Abstract-We propose two parity-based concurrent error detection schemes for the Quarterround of the ChaCha stream cipher to protect from transient and permanent faults. They offer a trade-off between implementation overhead and error coverage. The second approach can detect any odd-weight error on the in-/output and intermediate signals of a Quarterround, while the first one requires less logic.
I. INTRODUCTION
The ChaCha stream cipher was introduced by Bernstein in 2008 [1] as a successor of the Salsa family [3] . Recent trends show the dissemination of lightweight ciphers in the automotive area, where connectivity of Electronic Control Units (ECUs) will be achieved, e.g., via high-speed automotive Ethernet [5] . Simultaneously the fast advancement of autonomous driving leads to further emerging requirements on automotive functional safety [9] . The co-existence of functional safety and automotive cybersecurity necessitates considerations on how functional safety requirements on cryptographic functions can be covered with low software complexity and high throughput.
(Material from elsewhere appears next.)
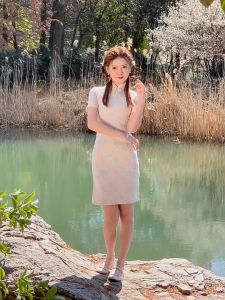 daidai (Ready Stock) Woman Cheongsam Red Qipao CNY Chinese New Year Short Wedding Dress 改良旗袍蕾丝菊花盘扣米黄色复古中国风年轻款旗袍修身日常连衣裙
With the authenticator Poly1305, Bernstein proposed a software optimized Message Authentication Code (MAC, [2] ), that is well suited to be used in combination with the ChaCha algorithm. RFC7905 [6] specifies ChaCha-Poly1305 as a cipher for the (Datagram) Transport Layer Security ((D)TLS) protocol [11] and their realization in hardware for embedded systems seems fruitful. Concurrent Error Checking (CED, [12, 7] ) was developed to detect faults within functional or logical building blocks of embedded circuits, such as ALUs, adders or individual gates. CED enables an efficient, testable and robust design. Parity-based CED was applied to substitution-permutation networks in [10] and applied to AES by Bertoni [4] . To our knowledge, no CED scheme has been proposed for ChaCha so far. This paper is structured as follows: we recall preliminaries on parity codes, parity-bit prediction for basic operations on binary vectors and introduce the Quarterround of the ChaCha algorithm in Section II. The transformation into a code-disjoint circuit based on a single parity-bit prediction is described in Section III. Thm. 4 gives the expression for the overall paritybit and the error coverage is proven in Thm. 10. Our second group-based parity prediction is described in Section IV and Thm. 13 proofs its error coverage.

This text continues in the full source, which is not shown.